■ **The problem**:
Only the lines from the line that contains "Spin Master Paw" through the final line of the entries below belong in your answer, copied exactly and without pictures.

◆ ◆ ◆ ◆ ◆ ◆ ◆

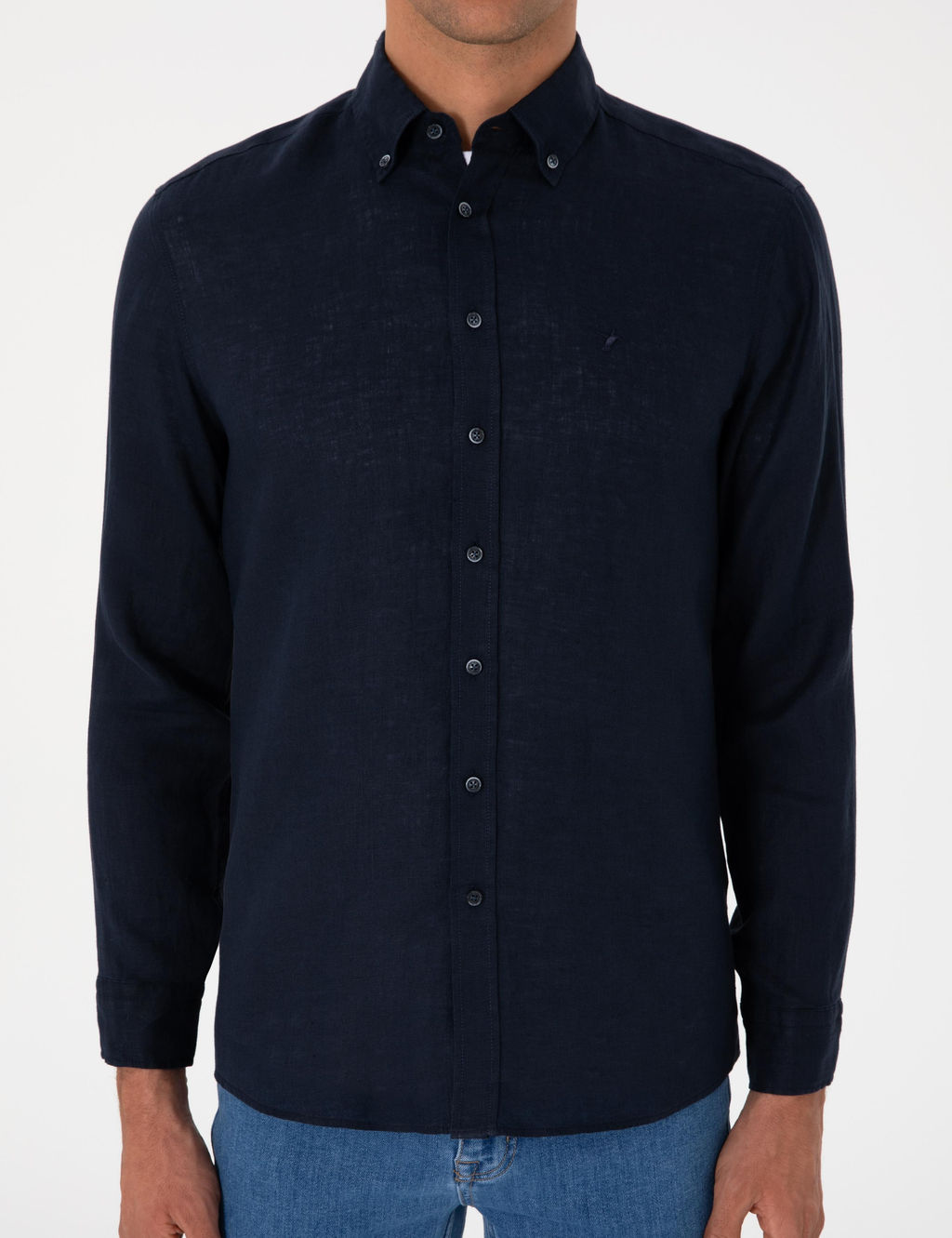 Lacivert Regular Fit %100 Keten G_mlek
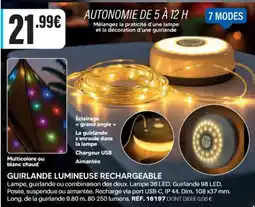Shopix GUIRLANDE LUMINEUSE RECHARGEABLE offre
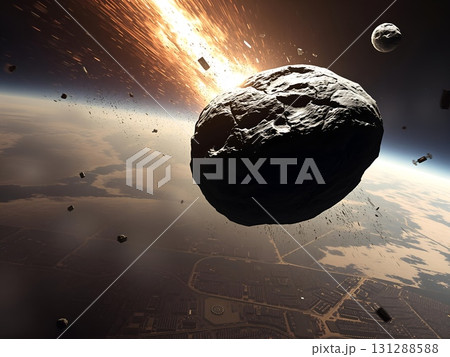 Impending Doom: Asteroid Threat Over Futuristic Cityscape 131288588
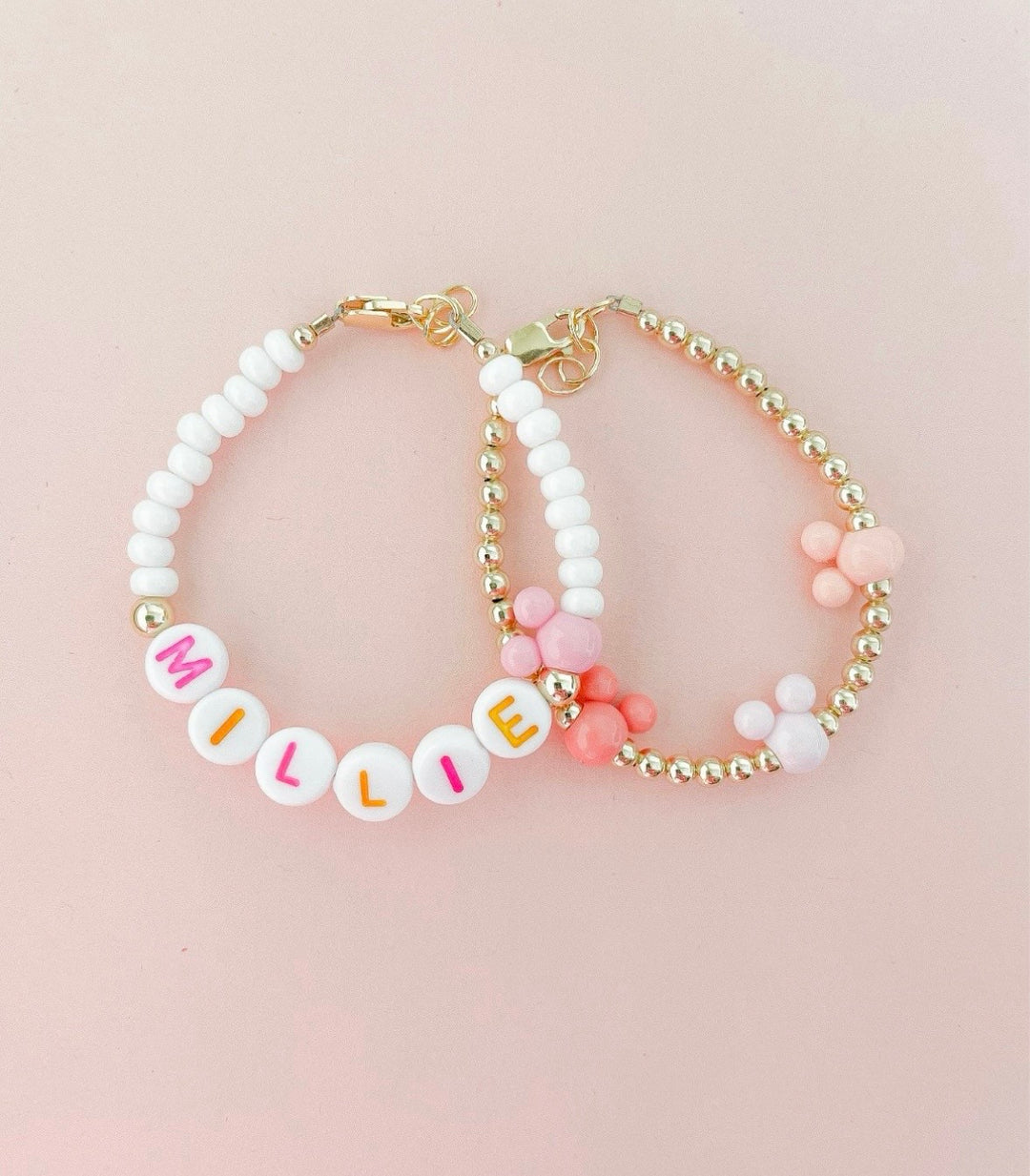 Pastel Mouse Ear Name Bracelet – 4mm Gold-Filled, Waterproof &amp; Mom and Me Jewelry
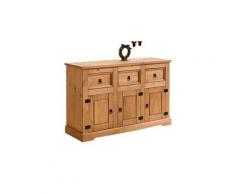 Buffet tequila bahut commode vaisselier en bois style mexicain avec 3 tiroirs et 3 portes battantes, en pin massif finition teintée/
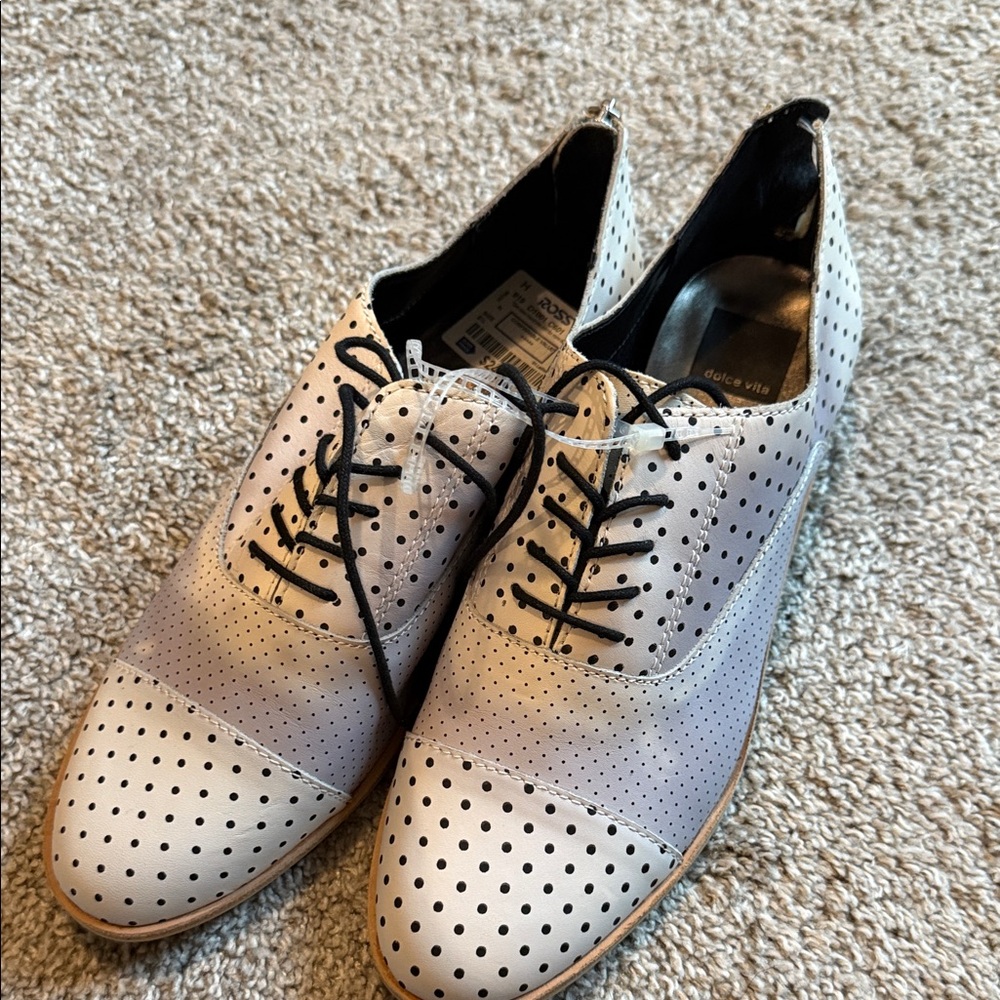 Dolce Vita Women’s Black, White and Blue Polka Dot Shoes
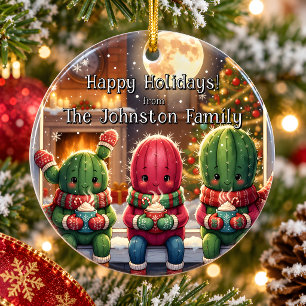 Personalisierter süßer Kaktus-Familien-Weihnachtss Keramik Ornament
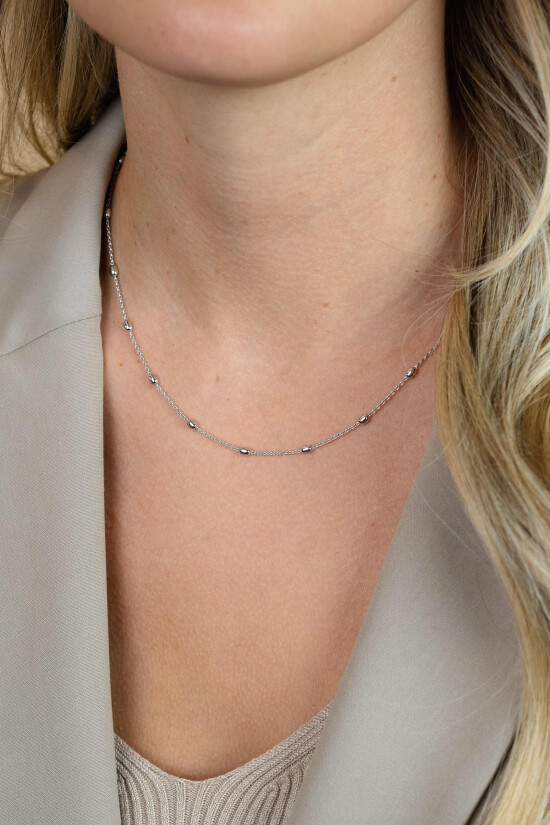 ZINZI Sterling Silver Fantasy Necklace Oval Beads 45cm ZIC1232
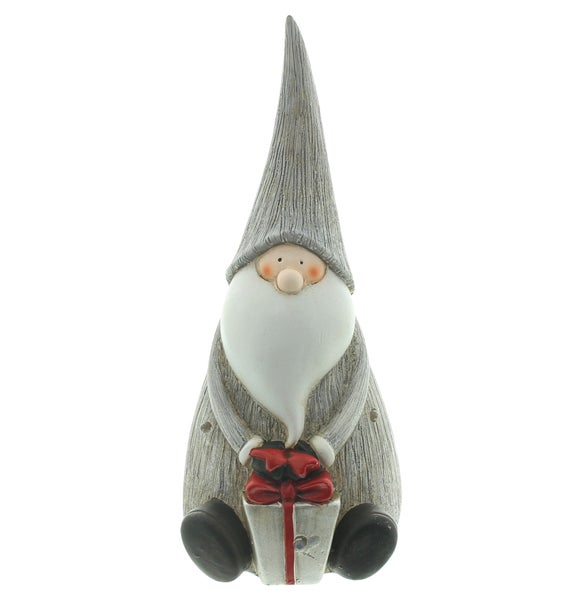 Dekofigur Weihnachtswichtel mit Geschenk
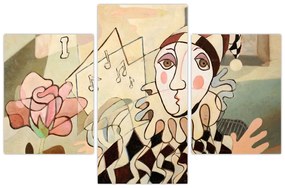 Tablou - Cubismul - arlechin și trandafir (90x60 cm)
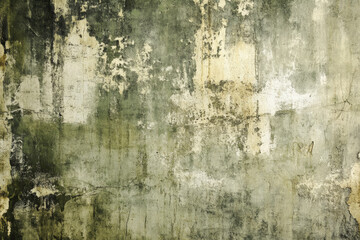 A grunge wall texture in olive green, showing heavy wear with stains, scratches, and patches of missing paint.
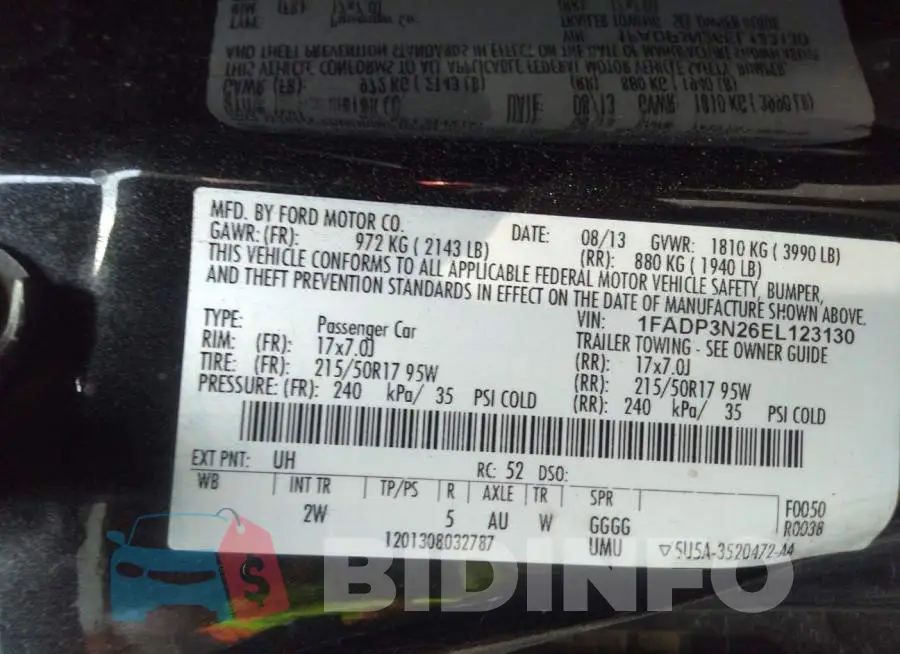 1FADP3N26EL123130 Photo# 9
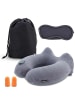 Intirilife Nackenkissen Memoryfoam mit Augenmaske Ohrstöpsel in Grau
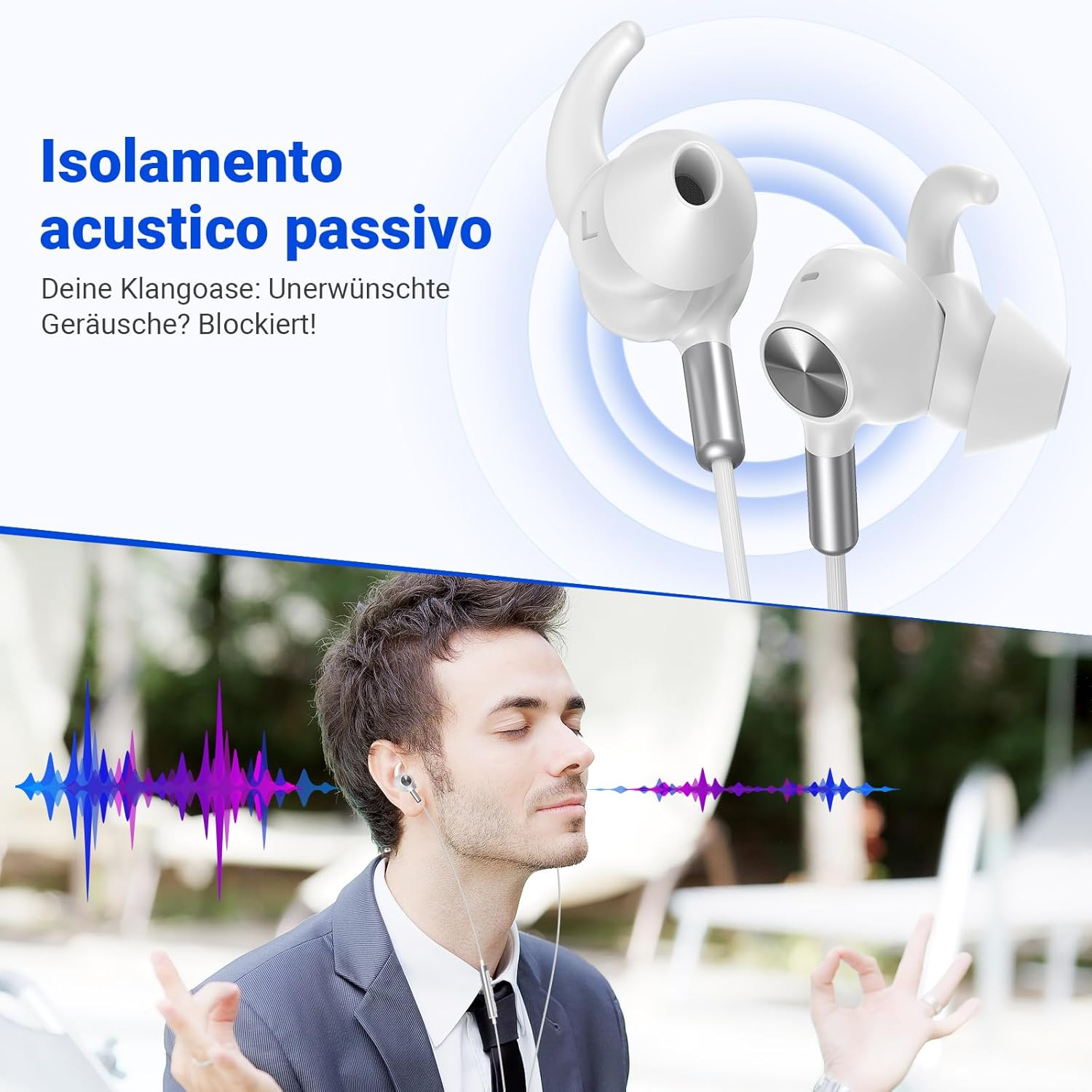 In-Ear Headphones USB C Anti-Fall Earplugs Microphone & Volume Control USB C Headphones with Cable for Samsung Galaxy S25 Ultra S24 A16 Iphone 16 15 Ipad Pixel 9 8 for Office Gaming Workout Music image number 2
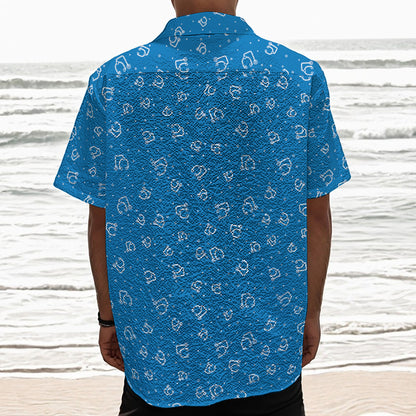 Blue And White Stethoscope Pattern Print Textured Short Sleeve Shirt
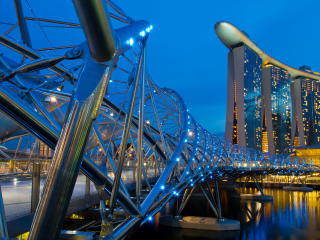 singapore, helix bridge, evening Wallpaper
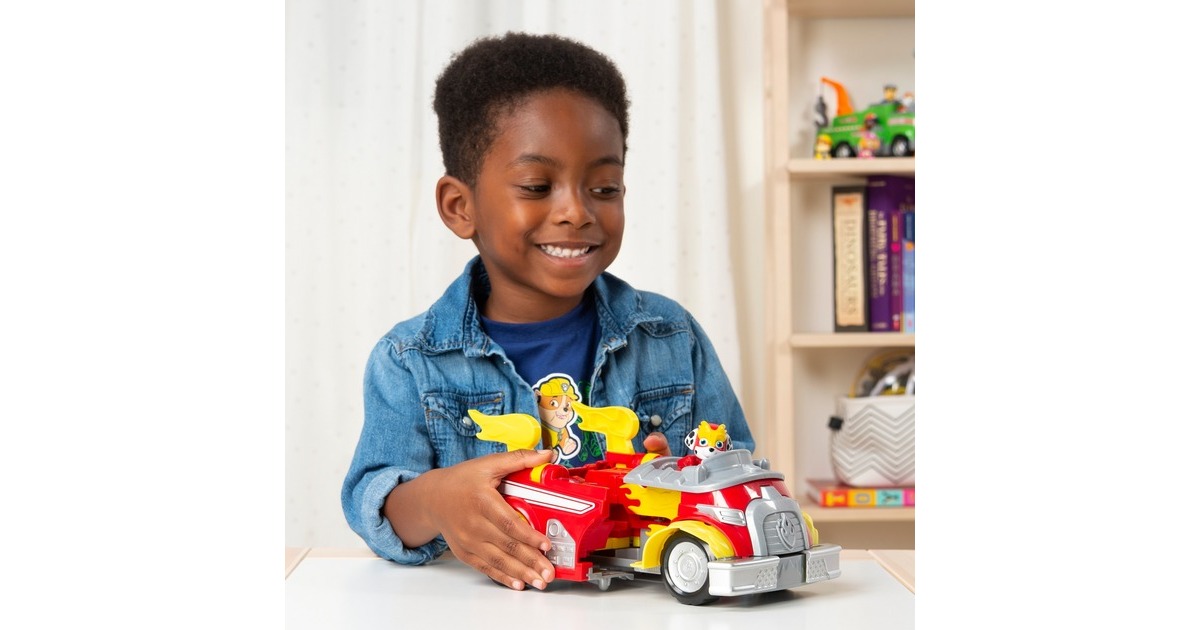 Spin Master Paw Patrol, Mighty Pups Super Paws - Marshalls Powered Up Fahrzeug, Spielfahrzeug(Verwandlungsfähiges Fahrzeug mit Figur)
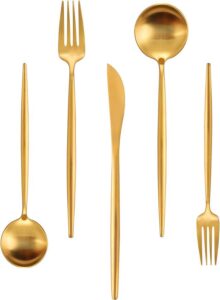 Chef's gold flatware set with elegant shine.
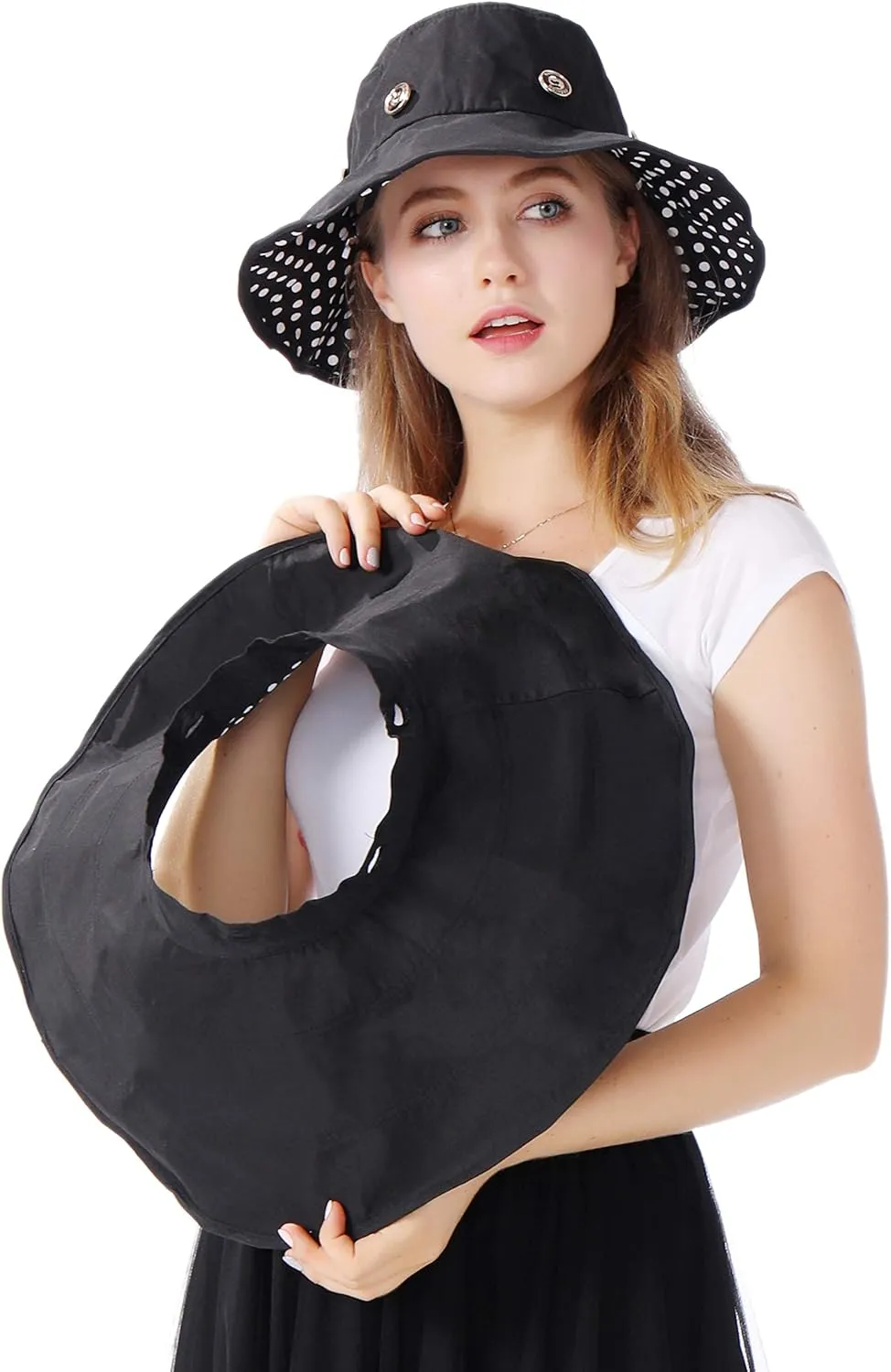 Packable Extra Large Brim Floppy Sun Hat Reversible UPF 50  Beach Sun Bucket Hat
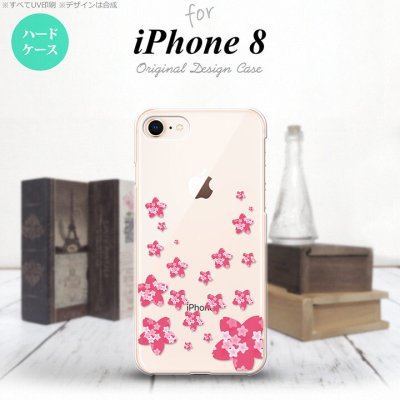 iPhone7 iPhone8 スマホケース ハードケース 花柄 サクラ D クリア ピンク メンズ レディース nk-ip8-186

◆ ◆ ◆ ◆ ◆ ◆ ◆

■ **Output for this task**:
 Spin Master Paw Patrol, Mighty Pups Super Paws - Marshalls Powered Up Fahrzeug, Spielfahrzeug(Verwandlungsfähiges Fahrzeug mit Figur)
 Chef's gold flatware set with elegant shine.
 Packable Extra Large Brim Floppy Sun Hat Reversible UPF 50  Beach Sun Bucket Hat
 iPhone7 iPhone8 スマホケース ハードケース 花柄 サクラ D クリア ピンク メンズ レディース nk-ip8-186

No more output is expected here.